- Directed by: Adam Townsend and Andy Trace
- Screenplay by: Adam Townsend and Andy Trace
- Produced by: Poppy Gaye
- Narrated by: Stephen Fry
- Release date: 2015;
- Country: United Kingdom
- Language: English

= World Wide What? =

World Wide What? is a 2015 British film written, directed and filmed by Adam Townsend and Andy Trace of Cavalier, and produced by Poppy Gaye of Founders Forum. The film shows a parallel universe in which Tim Berners-Lee failed to invent the World Wide Web and the subsequent impact that would have on the lives of high-profile tech entrepreneurs.
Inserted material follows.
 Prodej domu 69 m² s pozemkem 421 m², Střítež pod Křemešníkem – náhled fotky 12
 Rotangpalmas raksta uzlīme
The film is narrated by Stephen Fry, and includes cameos from Jimmy Wales, Arianna Huffington, Sean Parker, Tim Berners-Lee, Reid Hoffman, Michael Bloomberg, Michael Acton Smith, Martha Lane Fox, Baroness Lane-Fox of Soho, Brent Hoberman, and Steve Case.

==Plot==
The film begins in 1989 at the offices of the European Organization for Nuclear Research, also known as CERN, where Tim Berners Lee is working on his aspirations for the World Wide Web. He reflects to himself in private that this project could go on to promote "world peace" and also help people "share pictures of kittens". Upon leaving his office, Stephen Fry describes how a short-sighted assistant could have changed the course of humanity if she had accidentally put Tim Berners Lee's research in a waste paper basket. The film then goes on to depict a succession of sketches played out by global tech entrepreneurs, in which they are forced to carry out analogue versions of their digital jobs. In order of appearance:

- Arianna Huffington is a newspaper girl, throwing paper copies of the Huffington Post onto doorsteps
- Sean Parker is unable to keep himself occupied with Napster and creates his own selfie empire of polaroids instead
- Steve Case is a postman delivering huge quantities of junk mail to people whilst repeatedly stating You've got mail, a phrase synonymous with AOL
- Venture Capitalist Danny Rimer is left creating his own infomercials instead of investing in startup company Dropbox
- Bebo founder Michael Birch desperately tries to release funds from mafia bank owner Max Levchin, famous for founding PayPal
- Skype founder Niklas Zennström, as an expert in communications, is asked to crack the Enigma Machine
- Martha Lane Fox, Baroness Lane-Fox of Soho visits the man who helped her float lastminute.com to try and book a holiday
- Brent Hoberman is a holiday sales agent, desperately trying to sell a holiday
- Reid Hoffman is a secretary using a Rolodex to categorise the entire world
- Michael Acton Smith is a street vendor selling Moshi Monsters toys
- Fon founder Martín Varsavsky is a nuisance caller, asking people if they want a new deal on their 'fon'
- Jonathan Goodwin (entrepreneur) is a hunter looking for a Unicorn (finance)
- Candy Crush and King founder Ricardo Zucconi is selling sweets in a sweet shop
- Michael Bloomberg is still working at Bloomberg, but as a journalist working on the latest edition of his paper
- Jimmy Wales stays true to the principles of Wikipedia whilst working as a librarian, encouraging people to make edits to books

The film then returns to CERN to find Tim Berners Lee desperately looking for his research for creating the World Wide Web. As he becomes more and more distressed, his assistant walks through the door holding the papers, stating that she had read them overnight. When Tim Berners Lee asks her if she thinks the research stands a chance of working, she ponders "50/50", much to his disappointment.

==Production==
The film was funded by YouTube and King, with Jimmy Wales as executive producer. The script was written by filmmaker Adam Townsend of Cavalier, at the time with Freud Communications after the initial concept was developed by Jimmy Wales and Founders Forum. The scenes were filmed in London, Los Angeles, New York, Washington and Suffolk. The scenes that took place in America were directed by Declan Masterson.